Y aquí sigo, Ilune. Horadando la Peña de tu linaje hasta el mismísimo suelo si es menester. Ahora el pozo hace eco en las noches de luna y tu voz se oye clara desde el abrigo. Quizá hasta los narcisos la oigan allá arriba, donde nunca más he de volver.

Ya no retengo su olor, Ilune. Ya se marchó el sol.

El Pozo del Moro: un misterioso aljibe en lo alto de la Peña.


* Con el término "moros" no me refiero a los árabes o musulmanes que invadieron la Península Ibérica en el medievo. "Moros y moras", "mouros y mouras", "gentiles o gentilak" son términos utilizados en todo nuestro territorio en leyendas y cuentos para referirse a "los otros", gente antigua y pagana en la que reflejar nuestros mitos y miedos. En este cuento evito posicionarnos temporalmente y podría haberse desarrollado tanto en la Edad del Hierro como en la Edad Media, para preservar ese aire legendario.

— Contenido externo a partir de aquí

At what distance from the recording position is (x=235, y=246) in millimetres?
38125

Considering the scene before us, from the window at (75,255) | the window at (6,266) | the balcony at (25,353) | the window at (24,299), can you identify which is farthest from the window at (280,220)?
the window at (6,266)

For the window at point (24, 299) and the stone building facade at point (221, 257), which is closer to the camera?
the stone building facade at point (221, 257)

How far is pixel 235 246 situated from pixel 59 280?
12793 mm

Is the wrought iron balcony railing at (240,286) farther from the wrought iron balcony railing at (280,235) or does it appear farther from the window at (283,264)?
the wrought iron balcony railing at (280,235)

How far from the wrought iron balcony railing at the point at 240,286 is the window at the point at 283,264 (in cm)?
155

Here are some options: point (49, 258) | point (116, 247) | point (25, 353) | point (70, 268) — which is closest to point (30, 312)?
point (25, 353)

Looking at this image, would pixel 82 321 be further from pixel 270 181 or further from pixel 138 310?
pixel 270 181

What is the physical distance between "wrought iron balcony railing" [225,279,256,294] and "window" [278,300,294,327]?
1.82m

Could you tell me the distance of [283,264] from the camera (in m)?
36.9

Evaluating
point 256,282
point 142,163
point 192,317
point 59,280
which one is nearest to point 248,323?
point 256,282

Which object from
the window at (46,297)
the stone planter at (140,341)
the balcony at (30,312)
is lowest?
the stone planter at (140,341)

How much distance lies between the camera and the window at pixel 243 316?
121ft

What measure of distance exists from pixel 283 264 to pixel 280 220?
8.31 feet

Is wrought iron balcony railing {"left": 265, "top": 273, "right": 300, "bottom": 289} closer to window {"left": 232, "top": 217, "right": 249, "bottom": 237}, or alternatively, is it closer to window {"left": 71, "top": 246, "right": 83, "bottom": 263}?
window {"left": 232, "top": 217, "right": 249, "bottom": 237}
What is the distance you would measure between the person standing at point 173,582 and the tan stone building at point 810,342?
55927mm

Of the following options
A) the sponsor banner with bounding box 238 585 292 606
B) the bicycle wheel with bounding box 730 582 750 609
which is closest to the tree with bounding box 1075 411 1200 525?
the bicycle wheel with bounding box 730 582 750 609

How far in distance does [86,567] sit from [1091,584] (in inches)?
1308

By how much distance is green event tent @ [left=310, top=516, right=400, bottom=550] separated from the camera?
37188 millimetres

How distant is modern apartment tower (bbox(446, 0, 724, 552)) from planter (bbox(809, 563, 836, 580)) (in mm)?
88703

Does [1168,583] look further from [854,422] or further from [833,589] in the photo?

En el occidente peninsular abundan las historias sobre moras encantadas que habitan en piedras. En algunas, si aplicas el oído a la roca, puedes escuchar su voz. Aquí he querido traer esta hermosa leyenda a la Peña del Moro y su misterioso pozo o aljibe, en el municipio palentino de Berzosilla, en pleno Valderredible.